Mall sepi = daya beli turun ? Bukan cuma di Indonesia, Juga di China dan USA
“A China twist : why malls are closing if consumption is rising”
Judul artikel dari reuters di Oktober 2015 ini menunjukkan paradoks karena adanya kata “twist”.
Konsumsi meningkat, Growth ecommerce luar biasa tinggi dan konsisten, tetapi mall offline tutup.
Laporan dari Beijing Technology and Business University menunjukkan 138 departemen store, 262 supermarket dan 9, 464 toko pakaian offline telah ditutup antara 2012 to 2015.
Banyak dari toko ini memberikan service yang sama, tanpa kompetensi spesifik yang menjadi diferensiasi. (http://en.people.cn/n3/2016/0906/c90000-9111530.html)
Bukan cuma China, tapi juga USA (http://www.businessinsider.sg/sears-failing-stores-closing-edward-lampert-bankruptcy-chances-2017-1/?r=US&IR=T)
Showrooming
showrooming adalah fenomena di mana konsumen melihat produk di toko offline tetapi membelinya secara online. Di mall offline yang menerapkan biaya sewa berdasarkan persentase dari sales, hal ini bisa memukul pendapatan sewa dan memaksa merchant untuk tutup.
Showrooming bisa terjadi karena lewat online, konsumen bisa mendapatkan pilihan variasi produk yang lebih banyak dan pilihan harga yang lebih murah, karena toko offline biasanya hanya bisa memiliki stock sedikit (keterbatasan space), karena stock sedikit, maka toko offline mendapatkan harga yang tidak terlalu murah dari suppliernya, belum lagi faktor harga sewa toko.
Sedangkan “transaksi” kalau di dunia online / ecommerce hanya berjarak satu step saja (alias “satu klik”) dalam online consumer journey. Journey ini bermula dari tahap riset produk lalu discovery, lalu memutuskan untuk purchase dan complete transaction.
Karena kelebihan online ketimbang offline, maka mall offline makin banyak yang hanya bisa fokus ke ice skating, restoran, sekolah bahasa, atraksi spesifik seperti permainan anak … yang mana sales funnel / consumer journeynya tidak berhadapan langsung dengan online ecommerce (baca : ghost mall in China, where are shopper gone?)

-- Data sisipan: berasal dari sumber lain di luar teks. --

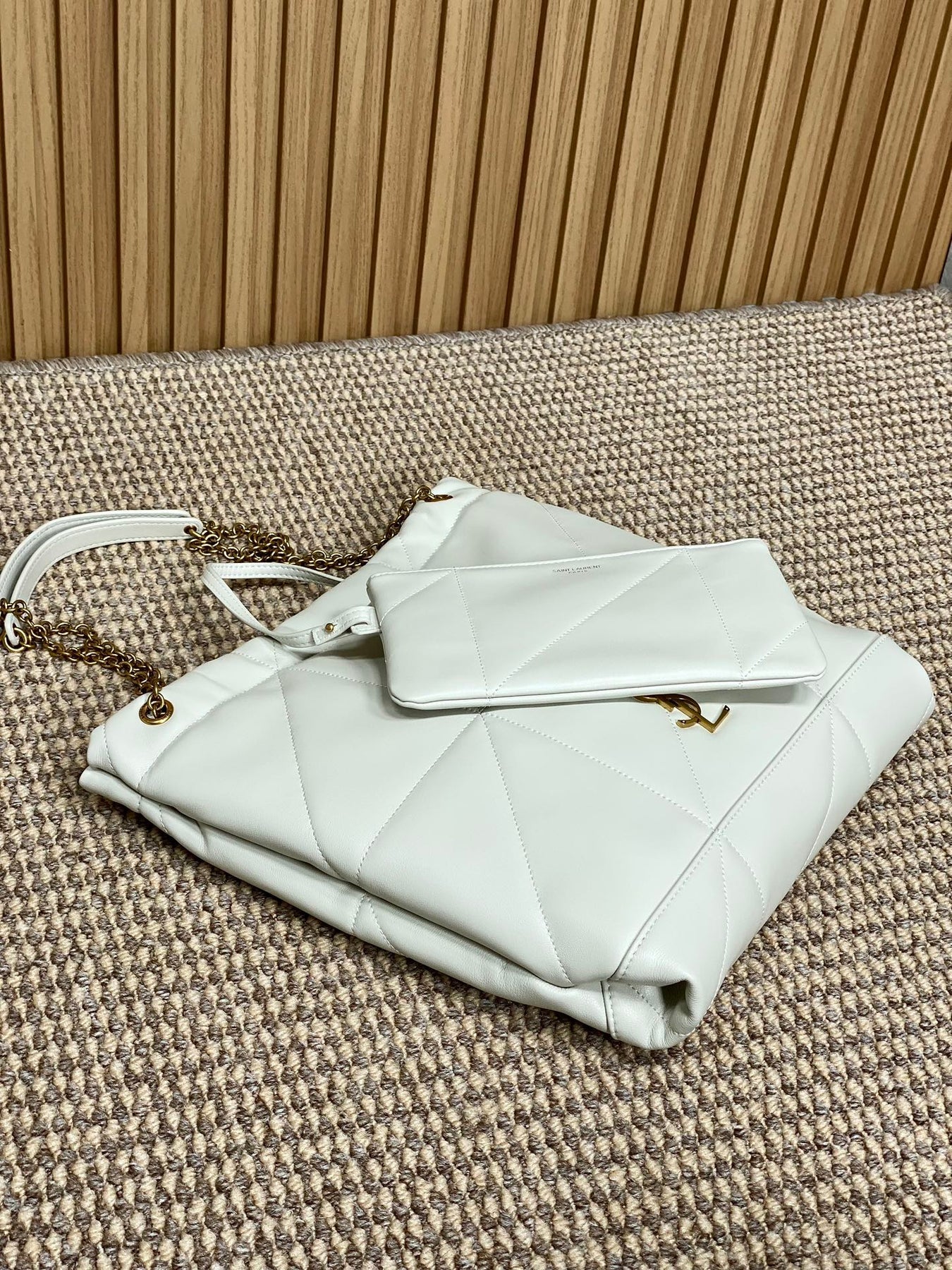 DRAWSTRING CHAIN STRAP SHOULDER BAG 39 IN WHITE QUILTED CALFSKIN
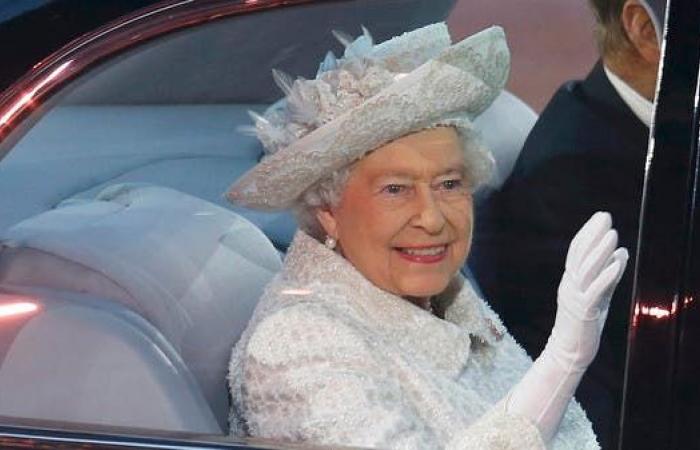 ملكة بريطانيا ترأس محادثات أزمة مع هاري وميغان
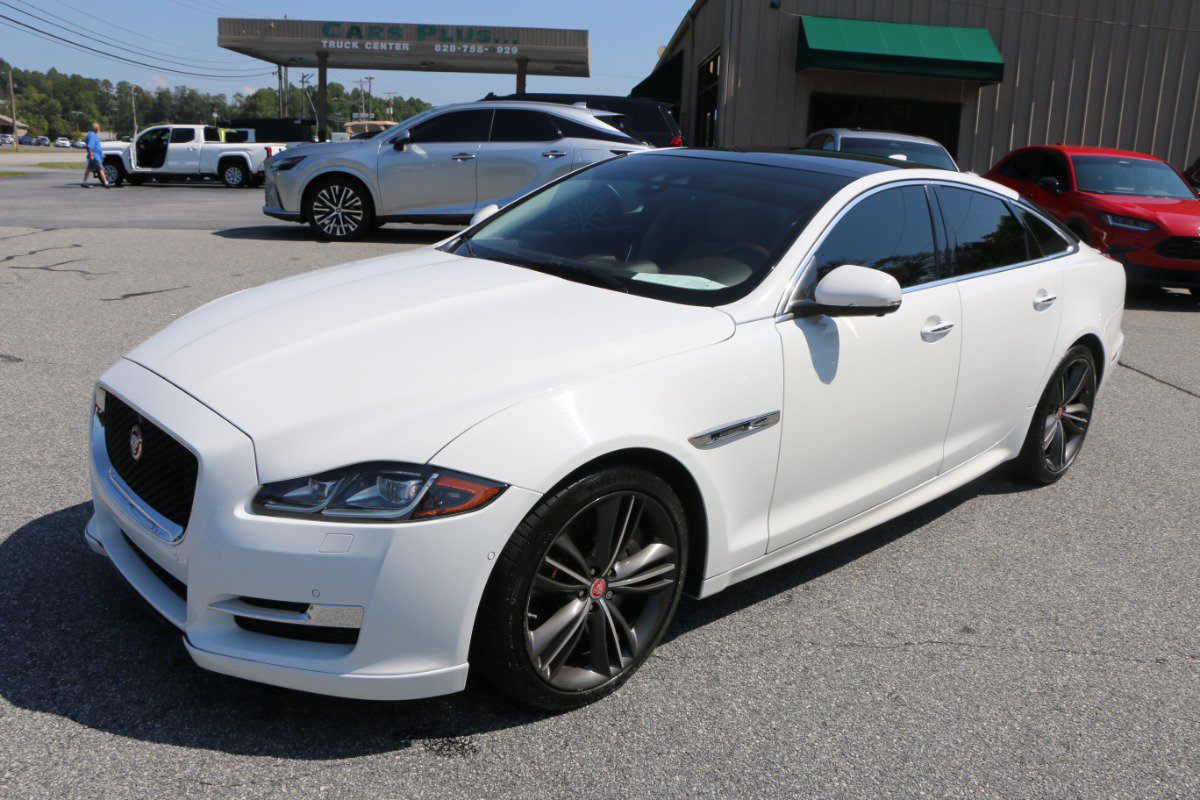 Used 2018 Jaguar XJ Supercharged RWD image 1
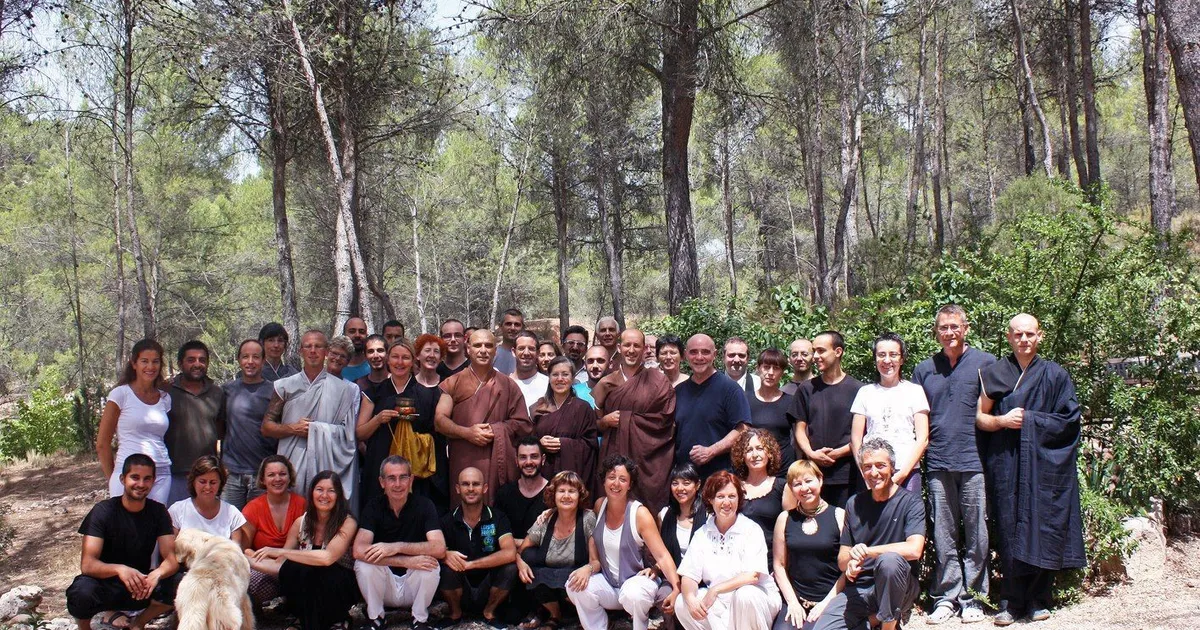 Participantes de la sesshin de introducción al zen de verano en Luz Serena (2012)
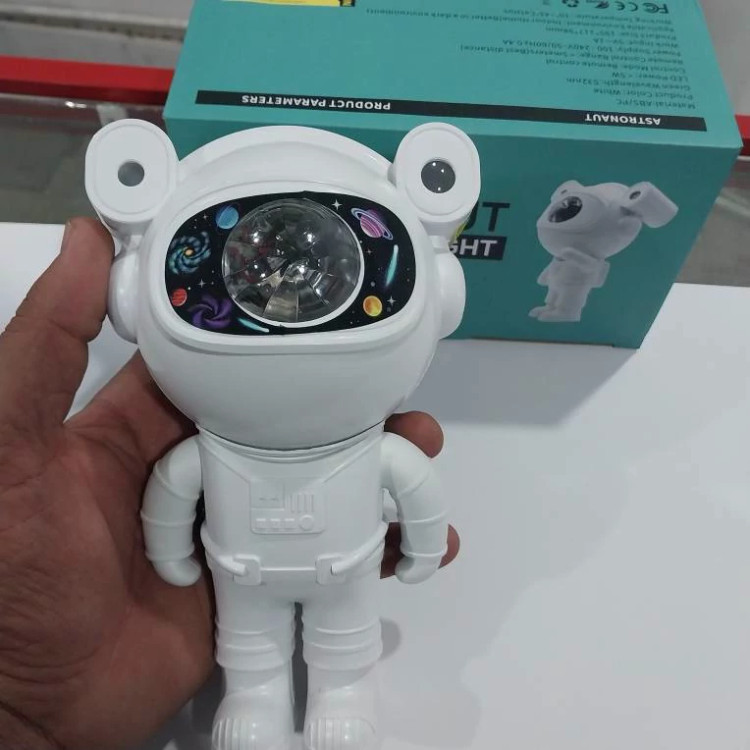 چراغ خواب فضانورد کهکشانی ASTRONAUT PROJECTOR LIGHT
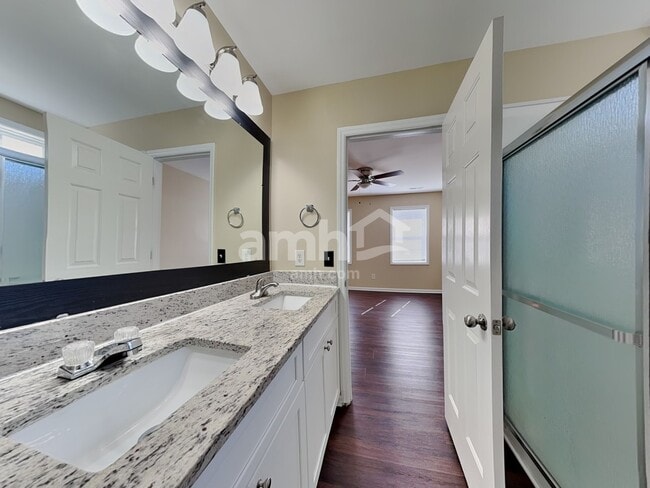 Building Photo - 815 Turmeric Ln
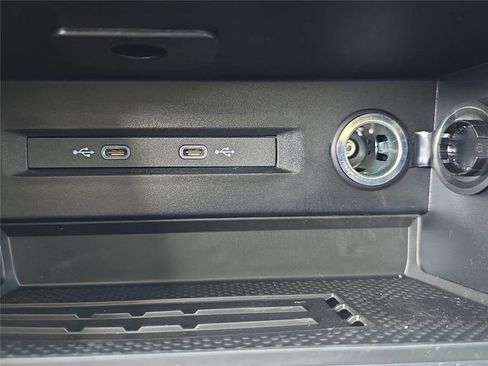 New 2026 Volkswagen Taos SE image 18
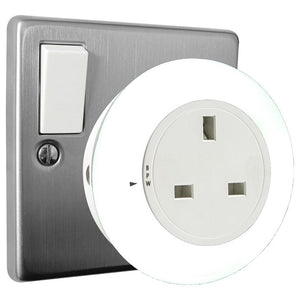 Unicom Plug Through Colour Change Night Light | UNC68389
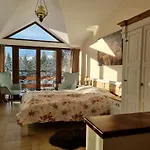Gosciniec Groblice Resort *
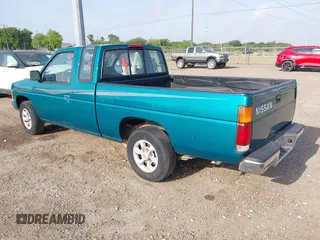 1997 Nissan Frontier XE z VIN 1N6SD16SXVC330579, wystawiony jako IAAI lot #41867843 z przebiegiem 135 434 mil mil oraz . Historia ofert i sprzedaży dostępna na DreamBid. Obrazek 3.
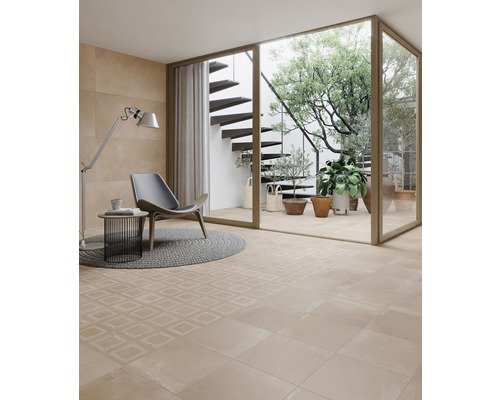 Lichte ruimte met vloertegels, stoel en uitzicht op een tuin met trap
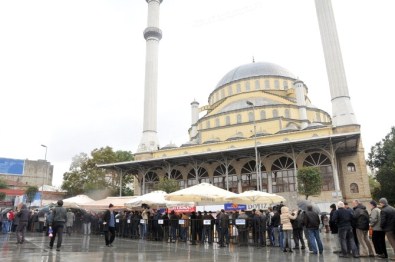 Bağcılar'da Aşure Kazanları Kardeşlik İçin Kaynadı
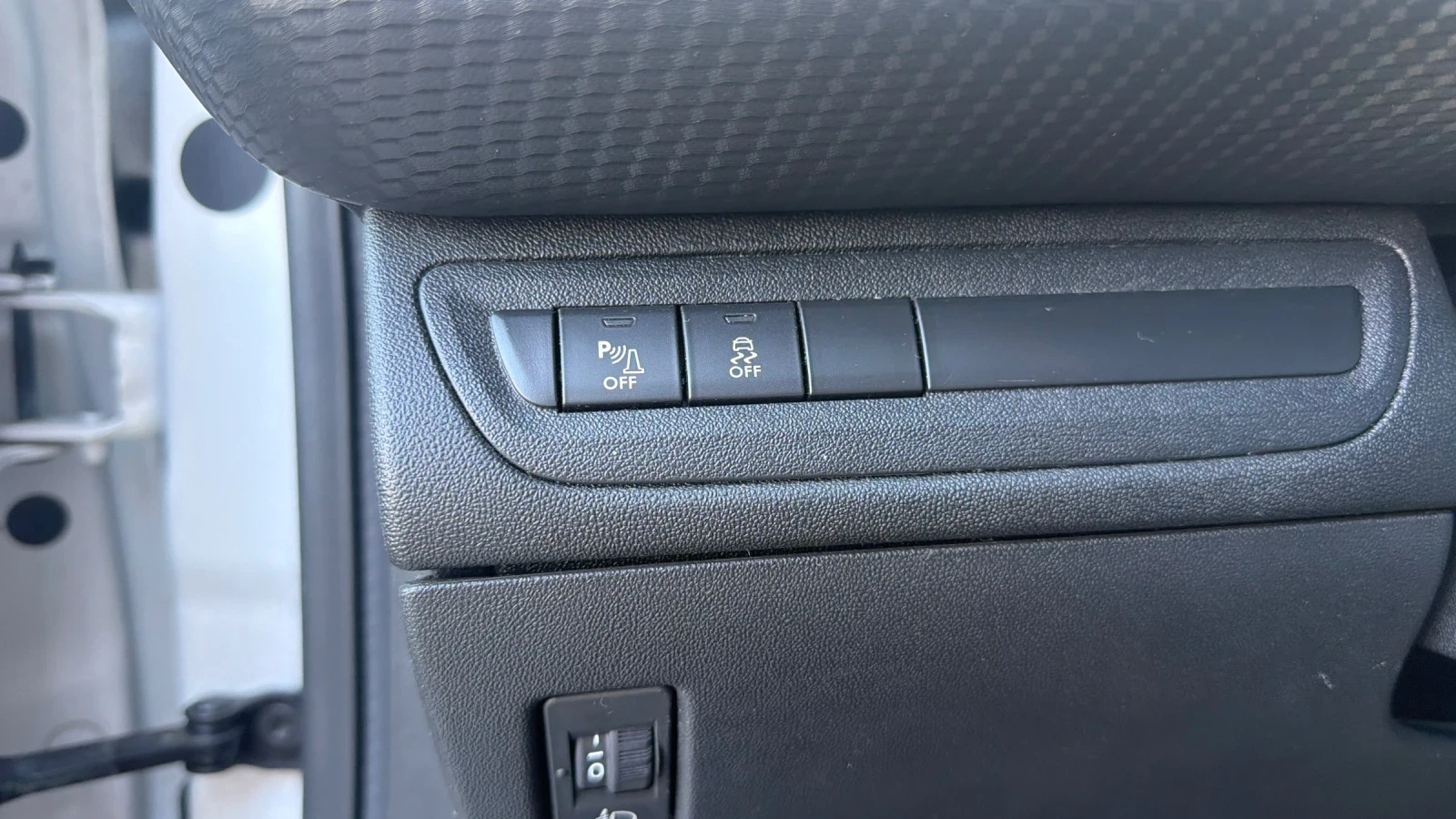 Peugeot 208, снимка 10 - Автомобили и джипове - 55979382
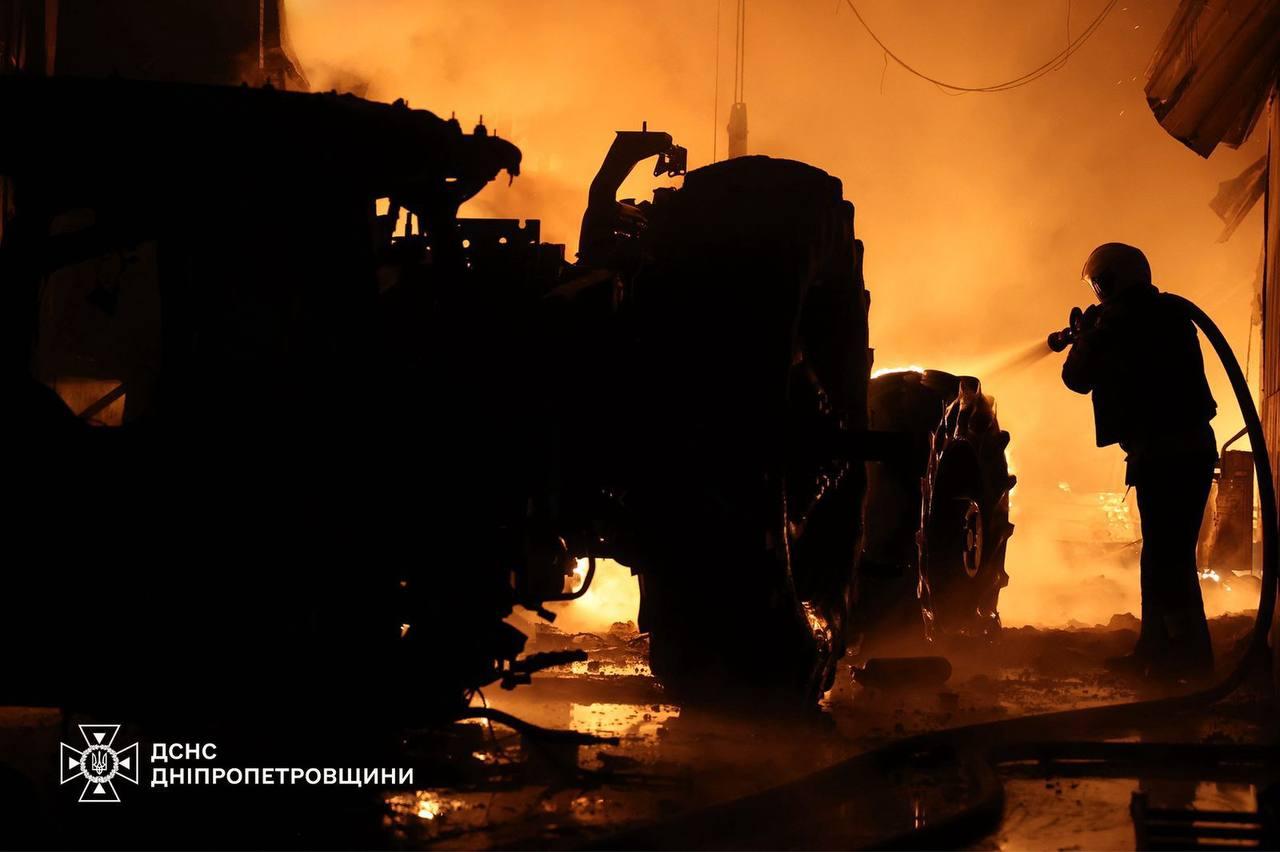 Окупанти атакували Дніпропетровщину: виникли пожежі, є пошкодження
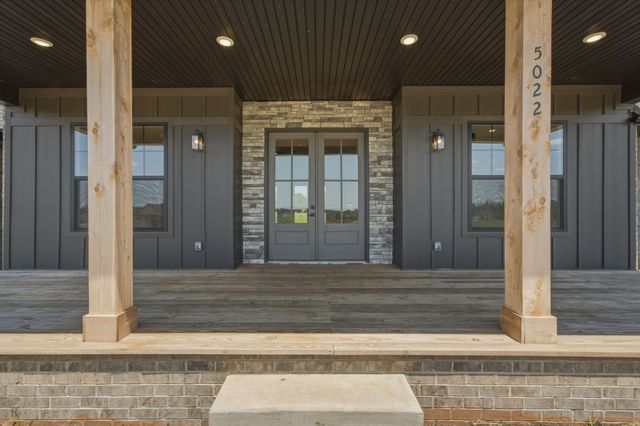 5022 Royal View Way, Clarksville, TN 37040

Sales Funnel, Consumer Journey
Sales funnel pada umumnya adalah awareness, Consideration, Purchase seperti di bawah ini.
“Mall Offline” Mengalami filtering di mana konsumen harus pergi ke mall (kena macet, biaya parkir, dll) jadi niat atau intention untuk melakukan pembelian harus cukup besar untuk “menahan” customer tetap datang.
Sedangkan di online, tahapan purchase cuma “one click away”
Karena karakternya yang offline dan mengalami filtering di effort pergi ke mall, maka mall offline juga hanya bisa mentarget konsumen di saat mereka sudah siap membeli.
Sales funnel, consumer journey di ecommerce
Sedangkan kalau di ecommerce, karena karakternya yang tidak mengalami filtering dari segi effort pergi ke mall, bisa mentarget konsumen jauh di tahap konsumen siap membeli.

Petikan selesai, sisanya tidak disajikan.